This information is part of the Champaign County ILGenWeb Project. If you have reached this site by means other than The USGenWeb Project, The ILGenWeb Project, or directly, please visit the main Champaign Co, ILGenWeb site for more information regarding Champaign County, IL ancestors. Information contained here was transcribed by John Shaffer. Please do not repost this information without the express written permission of Celia Snyder.

Champaign County, Illinois

Biography of Paris Robinson

SOURCE: "Portrait and Biographical Album of Champaign County, Illinois," Chapman Brothers, Chicago, 1887


PARIS ROBINSON, the leading hardware merchant and tinner of Philo Village, established his business there in August, 1877, which he has followed continuously since that time, and has built up a thriving and profitable trade. He carries a full line of everything necessary in an agricultural community and a country town, and is prominently identified with the business interests of this section. In former years he was engaged as a farmer in Sidell Township, Vermilion County, this State, and still owns a good farm there of 160 acres, finely improved, with first-class drainage, being well tiled. His life has been one of industry and energy and he is a fair representative of the prosperous element of Champaign County.

Our subject is a native of Jeffersonville, Fayette Co., Ohio, and was born Nov. 27, 1848. He is the son of Singleton ROBINSON, a native and farmer of the Buckeye State, who was reared in Fayette County and there married Miss Ann JANES, of Virginia. The mother of our subject removed with her parents from the Old Dominion when a young child, and located with them in Fayette County, Ohio, where they followed farming until the father retired from active labor. He is still living, having arrived at the advanced age of seventy-eight years. The mother died in 1857. The household included four sons and three daughters, of whom one of the latter died in infancy.

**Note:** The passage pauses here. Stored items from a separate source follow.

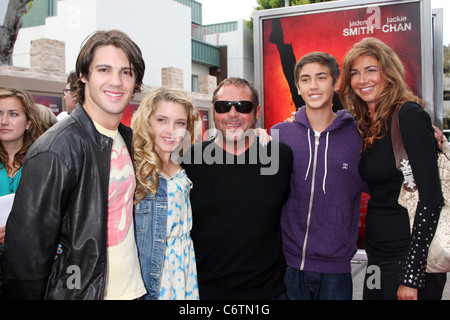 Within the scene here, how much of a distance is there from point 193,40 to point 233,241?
21.5 meters

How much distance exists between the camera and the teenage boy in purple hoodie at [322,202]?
103 inches

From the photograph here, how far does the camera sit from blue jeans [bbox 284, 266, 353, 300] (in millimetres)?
2617

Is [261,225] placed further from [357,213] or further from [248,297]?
[357,213]

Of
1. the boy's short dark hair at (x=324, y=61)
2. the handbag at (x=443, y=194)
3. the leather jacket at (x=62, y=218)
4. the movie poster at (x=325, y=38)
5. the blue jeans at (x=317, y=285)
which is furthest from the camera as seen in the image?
the movie poster at (x=325, y=38)

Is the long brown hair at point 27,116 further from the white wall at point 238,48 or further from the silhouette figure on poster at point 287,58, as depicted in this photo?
the white wall at point 238,48

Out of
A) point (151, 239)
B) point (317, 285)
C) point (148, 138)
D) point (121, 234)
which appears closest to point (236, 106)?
point (148, 138)

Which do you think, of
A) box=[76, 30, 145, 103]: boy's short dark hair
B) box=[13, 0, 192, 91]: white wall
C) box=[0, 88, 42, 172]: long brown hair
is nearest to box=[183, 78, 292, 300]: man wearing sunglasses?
box=[76, 30, 145, 103]: boy's short dark hair

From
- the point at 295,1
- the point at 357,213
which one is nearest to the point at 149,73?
the point at 295,1

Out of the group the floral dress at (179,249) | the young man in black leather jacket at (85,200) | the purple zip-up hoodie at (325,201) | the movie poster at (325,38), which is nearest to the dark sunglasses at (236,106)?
the purple zip-up hoodie at (325,201)

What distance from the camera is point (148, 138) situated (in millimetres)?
2502

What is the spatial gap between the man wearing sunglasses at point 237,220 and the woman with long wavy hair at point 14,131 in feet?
4.11

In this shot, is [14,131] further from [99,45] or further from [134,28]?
[134,28]

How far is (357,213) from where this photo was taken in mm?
2748

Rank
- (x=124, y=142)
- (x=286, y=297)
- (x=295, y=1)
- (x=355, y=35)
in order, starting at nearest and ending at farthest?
1. (x=124, y=142)
2. (x=286, y=297)
3. (x=355, y=35)
4. (x=295, y=1) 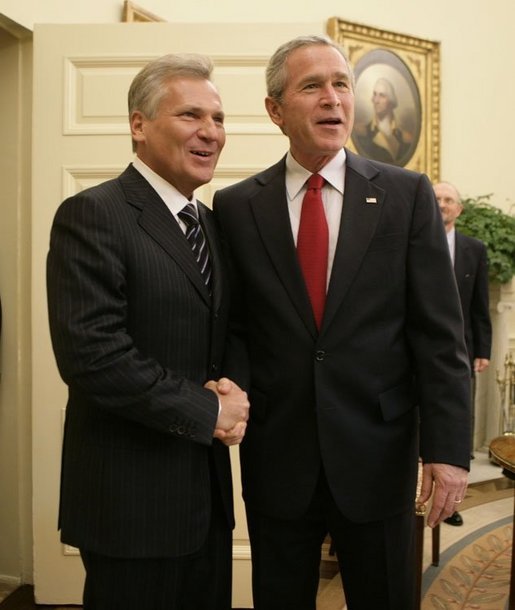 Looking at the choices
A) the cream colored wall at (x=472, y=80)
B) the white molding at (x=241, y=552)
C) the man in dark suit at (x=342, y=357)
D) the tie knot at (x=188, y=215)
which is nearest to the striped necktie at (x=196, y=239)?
the tie knot at (x=188, y=215)

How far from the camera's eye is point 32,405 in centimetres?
299

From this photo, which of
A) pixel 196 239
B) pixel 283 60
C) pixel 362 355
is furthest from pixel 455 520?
pixel 283 60

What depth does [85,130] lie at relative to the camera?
2.91m

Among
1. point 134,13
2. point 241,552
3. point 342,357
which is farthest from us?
point 134,13

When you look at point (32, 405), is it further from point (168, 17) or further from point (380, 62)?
point (380, 62)

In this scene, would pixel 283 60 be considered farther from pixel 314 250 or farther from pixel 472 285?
pixel 472 285

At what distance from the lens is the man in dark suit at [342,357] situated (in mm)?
1710

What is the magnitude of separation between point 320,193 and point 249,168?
1.19 m

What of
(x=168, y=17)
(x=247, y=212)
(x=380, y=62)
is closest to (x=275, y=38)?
(x=247, y=212)

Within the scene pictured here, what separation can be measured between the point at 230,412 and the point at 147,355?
0.77ft

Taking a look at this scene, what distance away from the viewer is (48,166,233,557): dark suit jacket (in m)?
1.50

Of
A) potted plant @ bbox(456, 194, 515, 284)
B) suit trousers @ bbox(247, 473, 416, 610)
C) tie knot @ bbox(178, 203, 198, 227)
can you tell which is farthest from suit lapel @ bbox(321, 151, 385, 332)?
potted plant @ bbox(456, 194, 515, 284)

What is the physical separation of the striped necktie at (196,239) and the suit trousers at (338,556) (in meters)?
0.60

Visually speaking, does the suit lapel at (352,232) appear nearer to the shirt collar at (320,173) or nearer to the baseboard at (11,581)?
the shirt collar at (320,173) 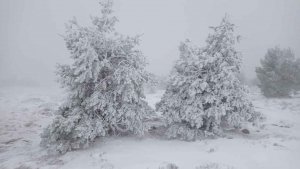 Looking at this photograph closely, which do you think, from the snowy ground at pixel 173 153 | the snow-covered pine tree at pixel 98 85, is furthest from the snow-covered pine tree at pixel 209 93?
the snow-covered pine tree at pixel 98 85

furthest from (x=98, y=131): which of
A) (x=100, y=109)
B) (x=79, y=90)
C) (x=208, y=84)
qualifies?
(x=208, y=84)

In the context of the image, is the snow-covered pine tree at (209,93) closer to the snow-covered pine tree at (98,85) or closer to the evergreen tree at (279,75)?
the snow-covered pine tree at (98,85)

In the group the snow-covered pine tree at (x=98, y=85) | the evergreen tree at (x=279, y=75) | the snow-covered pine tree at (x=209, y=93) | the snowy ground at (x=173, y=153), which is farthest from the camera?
the evergreen tree at (x=279, y=75)

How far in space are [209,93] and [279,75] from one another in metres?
15.9

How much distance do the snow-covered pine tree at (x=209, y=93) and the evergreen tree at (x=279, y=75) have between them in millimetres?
14039

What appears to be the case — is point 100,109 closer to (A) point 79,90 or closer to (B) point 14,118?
(A) point 79,90

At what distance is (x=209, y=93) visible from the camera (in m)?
13.7

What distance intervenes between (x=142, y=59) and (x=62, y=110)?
4955mm

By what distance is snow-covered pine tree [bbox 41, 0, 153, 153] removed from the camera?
12297 mm

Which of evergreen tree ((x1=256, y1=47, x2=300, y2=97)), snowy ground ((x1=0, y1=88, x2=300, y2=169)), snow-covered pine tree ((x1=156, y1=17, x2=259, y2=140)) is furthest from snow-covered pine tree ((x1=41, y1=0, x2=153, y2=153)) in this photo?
evergreen tree ((x1=256, y1=47, x2=300, y2=97))

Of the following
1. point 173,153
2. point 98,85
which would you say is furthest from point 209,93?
point 98,85

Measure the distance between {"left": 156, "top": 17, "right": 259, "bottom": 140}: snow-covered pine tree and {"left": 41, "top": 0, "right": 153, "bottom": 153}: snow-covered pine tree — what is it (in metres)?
1.78

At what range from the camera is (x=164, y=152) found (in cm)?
1189

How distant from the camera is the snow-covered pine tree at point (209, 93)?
13242 mm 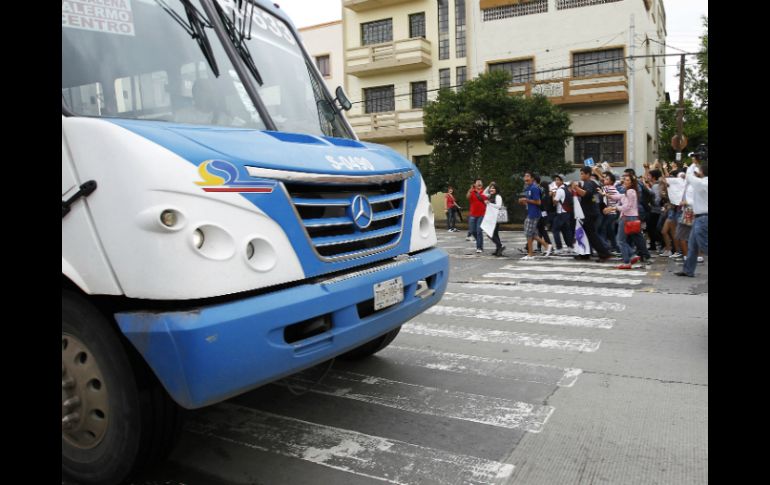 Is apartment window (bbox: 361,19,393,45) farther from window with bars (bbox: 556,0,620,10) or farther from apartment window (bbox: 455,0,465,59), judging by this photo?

Mr. Robinson was the third son and fourth child of his parents, and received his education in the public schools of his native county, remaining under the parental roof until the second call for troops to put down the Rebellion. He was greatly opposed to slavery, and with the hope of being able to assist in its abolition, cheerfully took upon himself the duties of a soldier, with its attendant hardships and dangers, becoming a member of Co. C, 90th Ohio Vol. Inf., commanded by Capt. Black, of the Army of the Cumberland. He was in the battle of Stone River, and at the first attack was wounded in the breast by a piece of shell, in consequence of which he was confined in the hospital a brief time. After his recovery he was appointed Orderly by Col. Sweet, and retained this rank until his honorable discharge in July, 1865.

After the war Mr. Robinson returned to Ohio, whence he came to Vermilion County, this State, in 1868. Four years later he was married to Miss Carrie MANDEVILLE, their wedding occurring at the residence of Henry Michener, Nov. 19, 1872. Mrs. R. was born in Seneca County, N. Y., April 19, 1850, and was the daughter of Elijah and Hulda (BENTON) MANDEVILLE, who removed to the West when she was fourteen years of age. They located in this County, and the mother died in Champaign, Ill. Mr. M. survived his wife a number of years, and died at the home of his son, in about 1886. Mrs. R. received a good education and became a teacher in the public schools of this county. Of her marriage with our subject there were born four children, one of whom died when an infant. Those surviving are Glenn, Jessie and Willis. Our subject is a stanch adherent of the Democratic party, and Mrs. Robinson is a consistent member of the Presbyterian Church.